Hopefully, the answer you get for r, when you round off to four decimal places as they request, will be very close to the actual value you got for r by using the Stat mode in your calculator. I would expect the answer you have computed by hand should match the answer your Stat mode gives you for r accurate to about 2 decimal places. If your two methods for computing r are basically the same to 2 decimal places (maybe the last digit is off by 1 or 2), then you can safely assume you have not made a mistake in your calculations.

Once you have confirmed that you were able to compute the correct value of r by hand, enter all the numbers you computed into the appropriate boxes. My hunch is that the assignment has been programmed to mark the value of r you compute using the rounded off numbers, whereas the value you compute using the Stat Mode in your calculator will actually be too accurate, and possibly marked wrong if it isn't close to the rounded off answer you compute by hand.

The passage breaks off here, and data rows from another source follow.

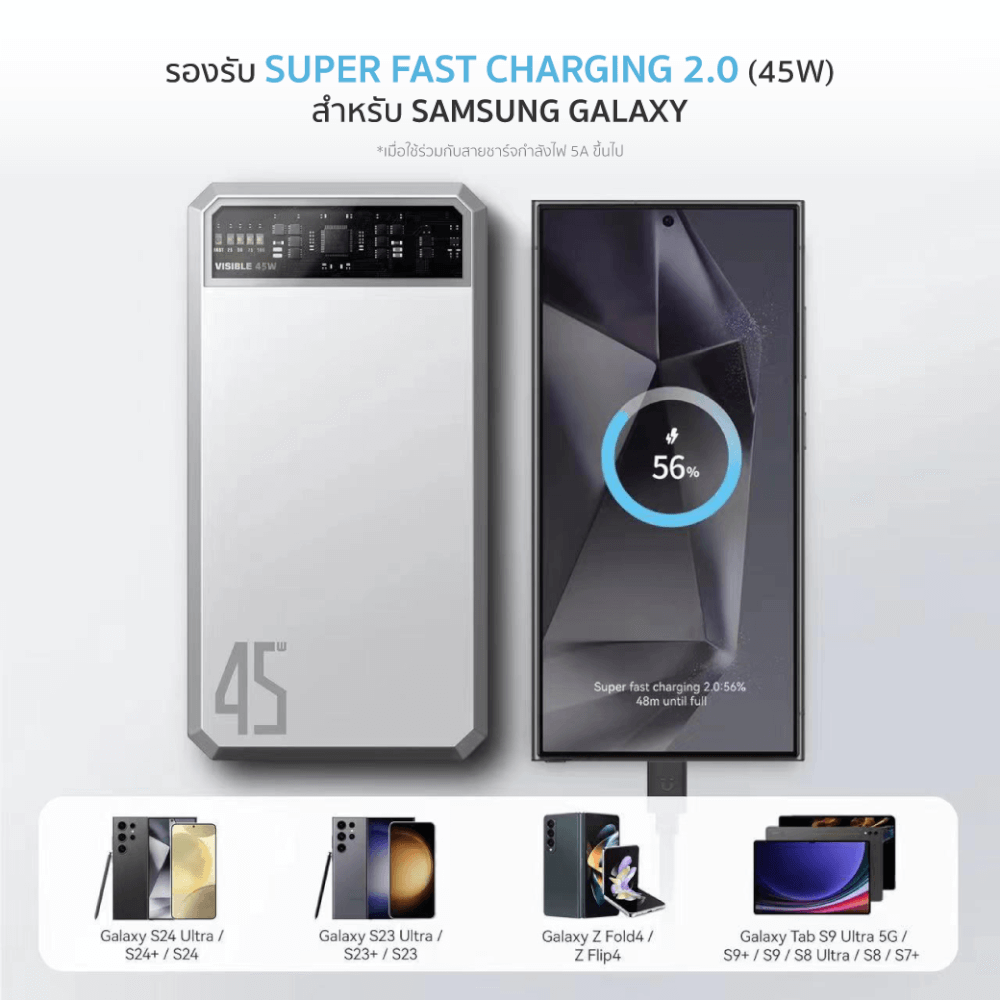 แบตสำรอง ORSEN BY ELOOP E43 สีเทา 25000MAH 45W MAX รองรับ QC3.0 PD PPS UFCS_6
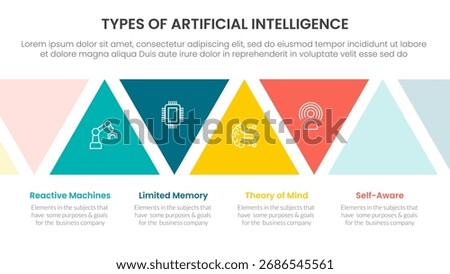 Types of AI artificial intelligence infographic 4 point stage template with triangle shape ups and down for slide presentation vector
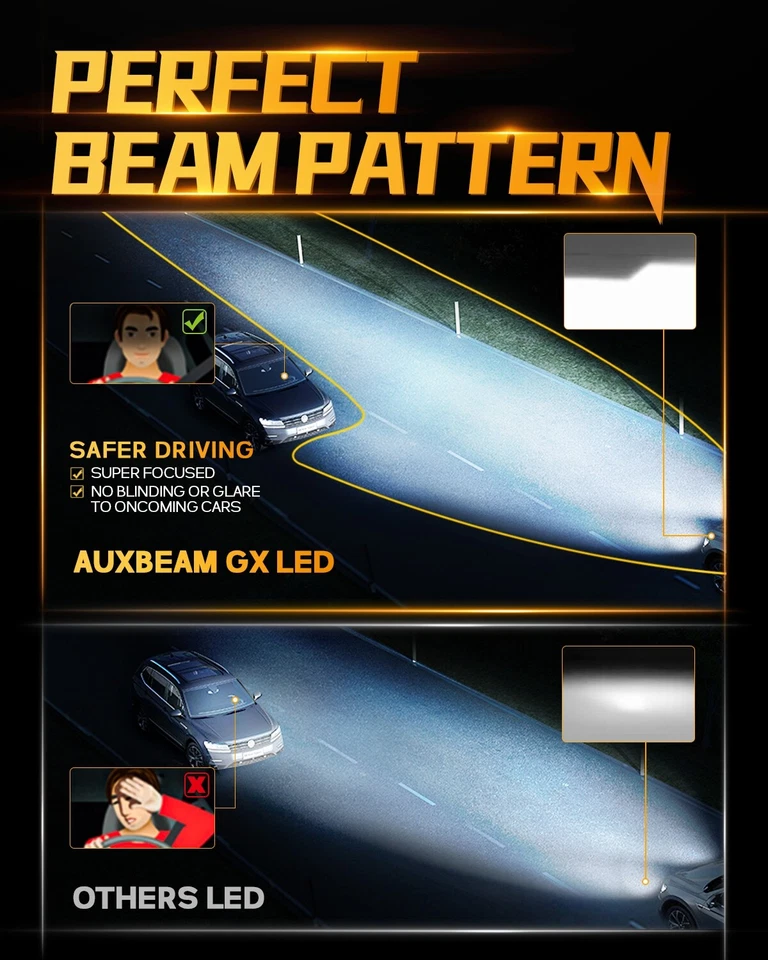 For Dodge Ram 1500 2500 3500 2003-2005 AUXBEAM 9007 LED Headlight High Low Beam - Image 4 of 4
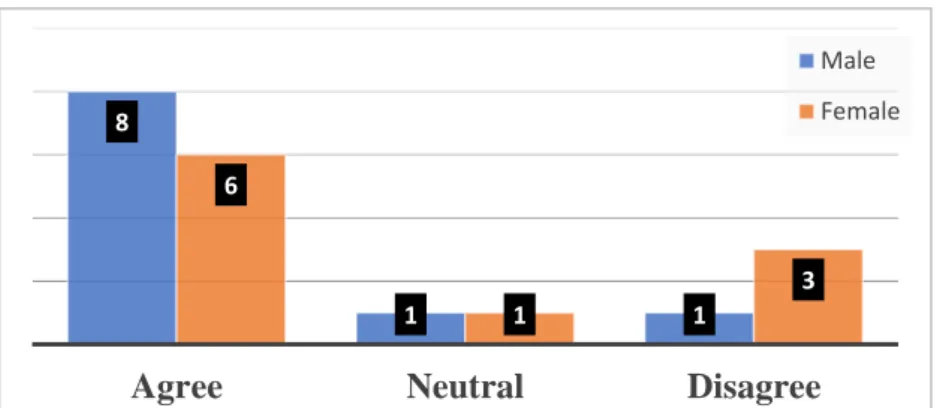 Figure 9.  Men are more assertive and direct in their speech 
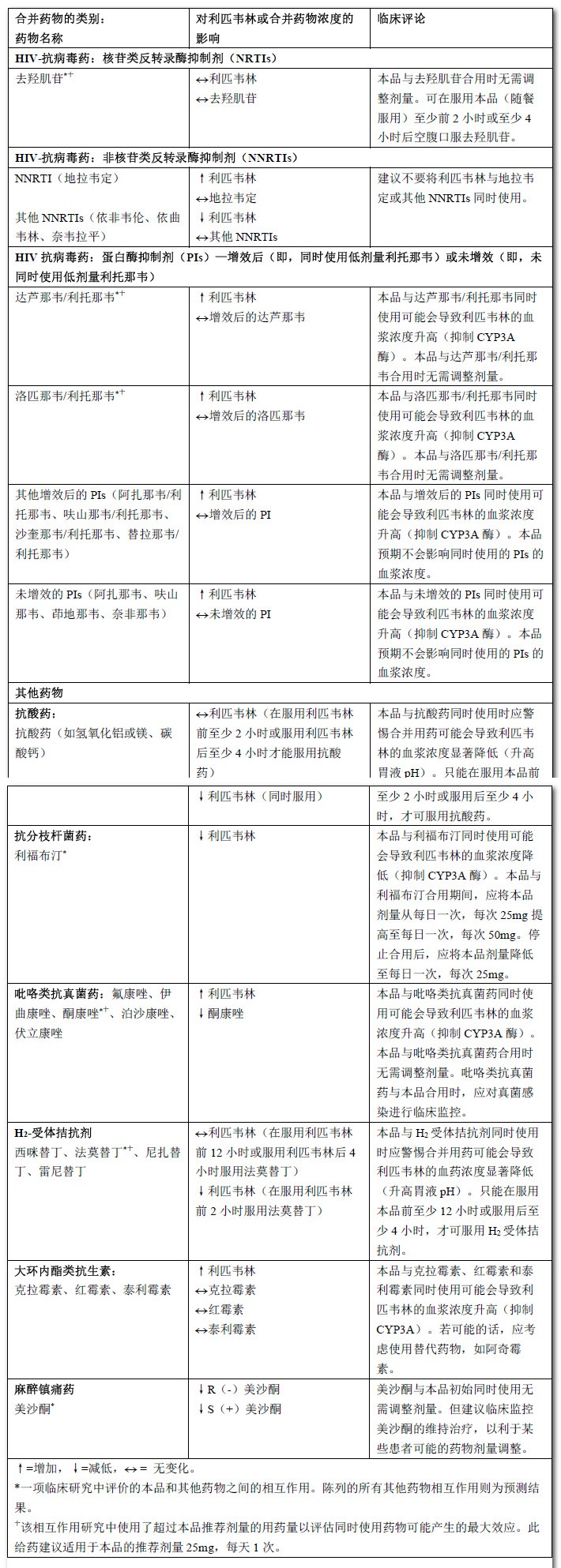 利匹韦林片 利匹韦林片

I hope this works. If they mark your value for r wrong, try entering the value you computed using the Stat Mode instead (assuming it is slightly different to the value computed by hand).

Part (b) correlation does not imply causation.

Question 2: Mileage Regression

Note that they have told you that Horsepower is x and Mileage is y.

DO NOT USE THE STAT MODE in your calculator to compute the intercept and slope! It will be too accurate.

Use the rounded off values they have given you for the correlation coefficient, means and standard deviations and the formulas to compute the slope and intercept that I introduce in Lesson 2, question 1(e) and also use again in question 5 of that lesson. These are also the formulas numbered 2 and 3 on the Formula Sheet you will be provided on your exams.

Download the Formula Sheet for Stat 1000 here.

Again, I recommend you use the Linear Regression Stat Mode on your calculator to enter the data and check that you get the same answers for the means, standard deviation, and correlation coefficient as they have given you. Then you can confirm that you have used the formulas correctly by matching your Stat mode's answers for a, the intercept, and b, the slope, as you get by the formulas you use. I suspect that your Stat Mode answers will differ slightly from the values you compute because your computations are using rounded off values for the means and standard deviations.

Do not use your calculator's perfect values. Use the rounded off numbers you were given for the means and standard deviations to compute the slope and intercept.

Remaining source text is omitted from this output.